Accepter la carrière d'une femme est une chose, consentir à ce qu'elle s'immisce parfois dans la vie quotidienne comme c'est souvent le cas pour les hommes, en est une autre. Toute femme doit alors gérer sa carrière avec une habilité de maître pour ne pas mettre en danger l'équilibre familial. Tel est le prix à payer de
cette liberté si longtemps rêvée.
On ne s'étonnera donc pas de trouver surtout dans les grandes capitales du monde, ces jeunes femmes, surdiplômées, ambitieuses mais malheureuses de ne pas rencontrer celui qui donnerait peut-être un autre sens à leur vie. On les dit trop difficiles, trop guerrières mais elles ont souvent baissé les armes à force de ne pas se sentir comprises.
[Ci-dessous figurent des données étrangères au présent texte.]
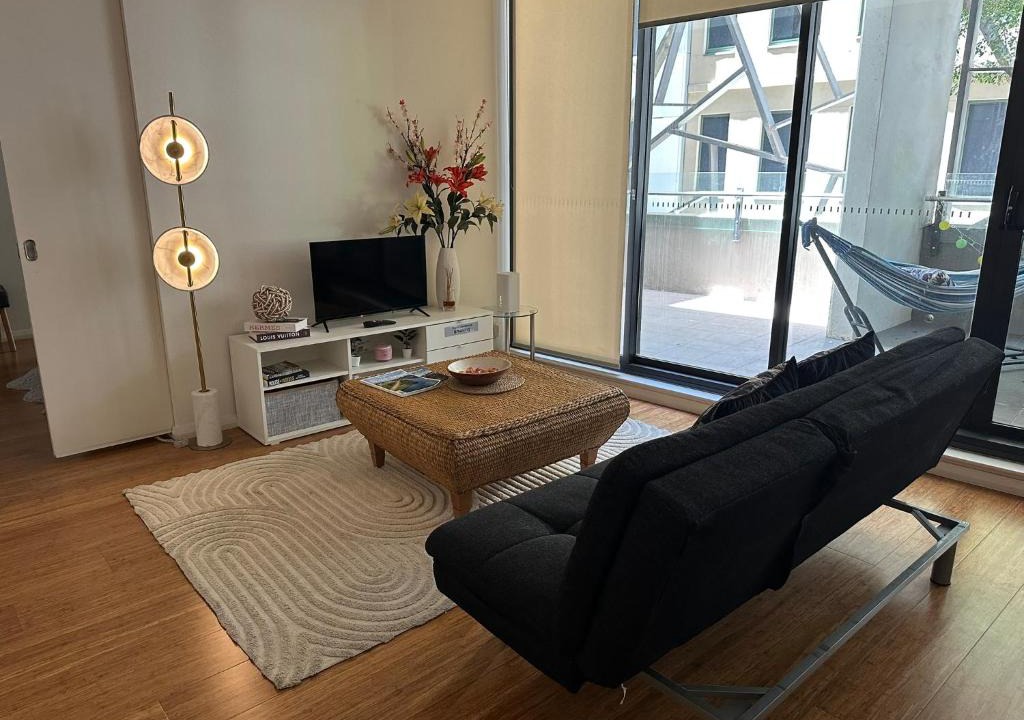 Chinatown Apartment | Stylish 1 bedroom best location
Elles ne rêvent pas du "Prince charmant" comme certains aiment à l'écrire mais plutôt de rencontrer cet homme du XXIème siècle, bien dans sa peau, qui ne se sentira pas menacé à la moindre anicroche.
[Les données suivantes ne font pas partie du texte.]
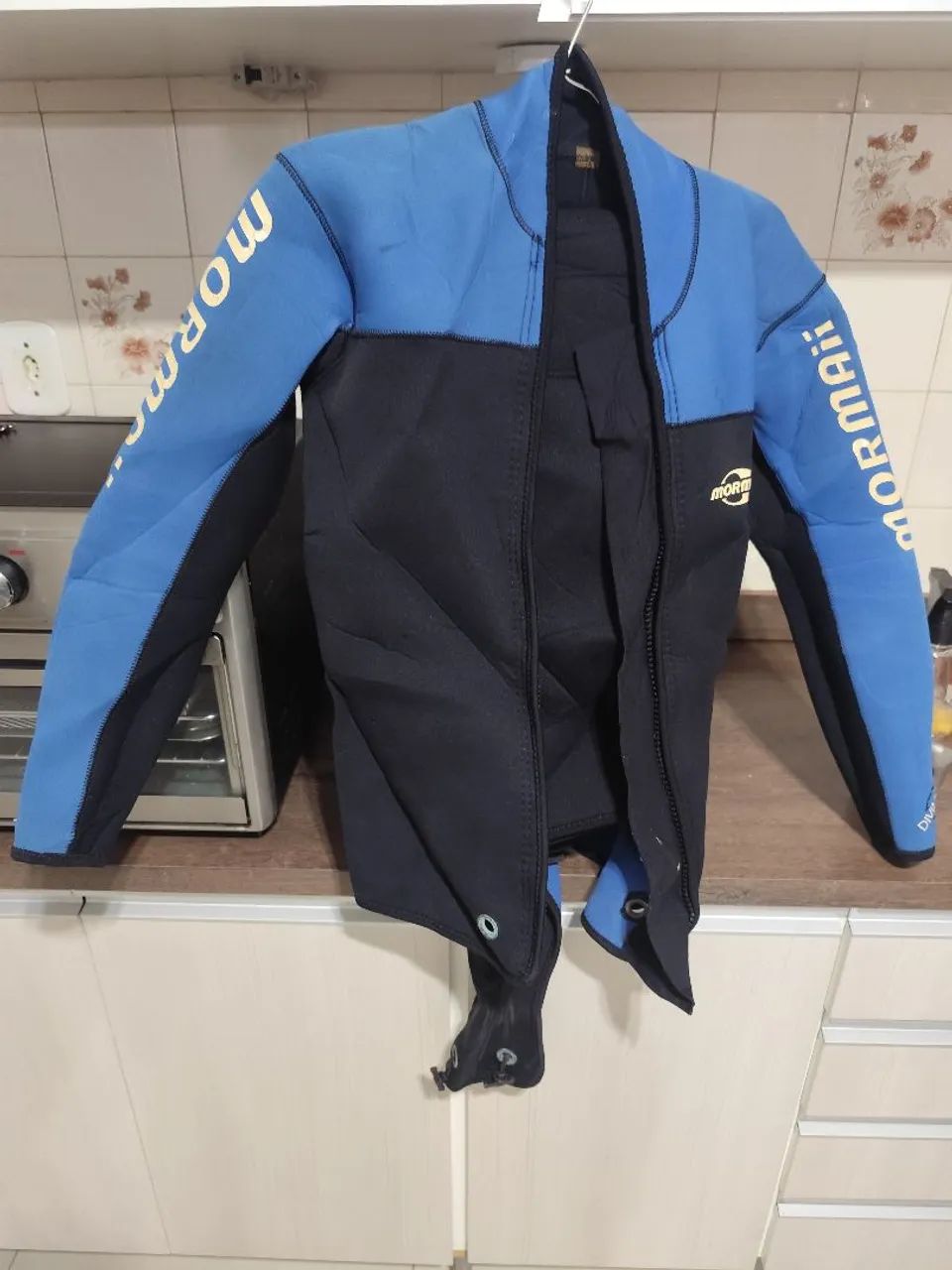 Roupa de mergulho + touca + cinto + chumbo + faca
Il est en effet choquant d'entendre certaines jeunes femmes vous dire que le prix à payer de leur réussite est parfois celui de la solitude. Les grandes villes regorgent de ces "féminins estropiés", de ces femmes qui à force de courir toutes seules dans leur vie, en viennent à se demander si tout compte fait, tout cela valait bien la peine.
Etre une femme du XXIème siècle, c'est donc savoir jouer ce jeu subtil de la composition. Composer pour mieux durer, cela sonne comme une méthode de conquête électorale mais c'est pourtant bien de cela qu'il s'agit.
Socrate nous enseigne qu'il faut "se connaître soi-même" pour être au monde car l'ignorance ou l'aveuglement de soi-même nous rend esclave de nos opinions et nous prive de liberté. Or, les femmes ne se connaitraient-elles pas trop aujourd'hui? Ne seraient-elles pas les victimes de leurs propres conquêtes?
Une phrase terrible à écrire mais qui semble pourtant sauter aux yeux tant elles sont parfois les ennemis à abattre dans certains pays.
Pourtant, elles ne cessent de résister à l'emprise, de s'adapter aux pires situations de la vie quotidienne avec une dignité absolue, parfois au péril de leurs vies.
Il n'est qu'à voir ces haïtiennes, ces iraniennes ou encore ces femmes afghanes qui ne cessent de se battre pour leurs enfants, avec l'espoir de leur offrir un jour un monde meilleur. Cette utopie qui soude les femmes du monde entier est révélée dans une récente étude du Boston Consulting Group intitulée "Women Want More" (Les Femmes veulent plus).
En effet, aujourd'hui plus que jamais, les femmes s'engagent et montrent ainsi que réussir leur vie, c'est aussi améliorer le monde qui les entoure. Pour illustrer ce propos, voici en quelques mots, l'histoire de Zainab Salbi.
Cette jeune femme irakiennefut envoyée aux Etats-Unis et mariée à un homme qu'elle ne connaissait pas pour échapper aux tentatives de séduction de Saddam Hussein. Elle ne savait pas ce qui l'attendait. Violée à répétition et séquestrée par son mari, elle vit s'ajouter au traumatisme de l'exil, celui de la négation de son intégrité de femme. Pourtant, elle fit preuve d'une résilience extraordinaire.
Après un parcours de reconquête de son "humanité" que l'on découvre dans ses Mémoires ("Between two worlds: Escape from Tyranny: Growing up in the Shadow of Saddam"), elle fonda en 1993, à l'âge de 23 ans, Women for Women International.
Cette ONG aide sur le terrain, des femmes victimes des guerres en Afghanistan, en Bosnie, au Kosovo, en Irak ou encore au Rwanda à se reconstruire, en leur offrant un programme éducatif. Elle leur permet, non seulement à terme, de participer aux décisions de la communauté mais aussi de pouvoir être autonomes financièrement. Un début de liberté pour ces femmes qui ont vu leurs existences bafouées par les ravages de la guerre.
Pour Zainab Salbi, réussir sa vie, c'est aider ces femmes au quotidien à retrouver leur dignité afin d'en faire des êtres forts capables de construire des nations solides et donc apaisées. Il y a bien sûr d'autres Zainab Salbi dans le monde, d'autres femmes qui par leurs engagements ont trouvé un sens à leur vie et fait de leur utopie, une réalité. Elles doivent être des modèles pour cette Femme du XXIème siècle en devenir.
En effet, elles sont la preuve vivante que nous sommes les seules à pouvoir façonner notre propre destin et nous montrent qu'une vie réussie, c'est aussi une vie d'engagement.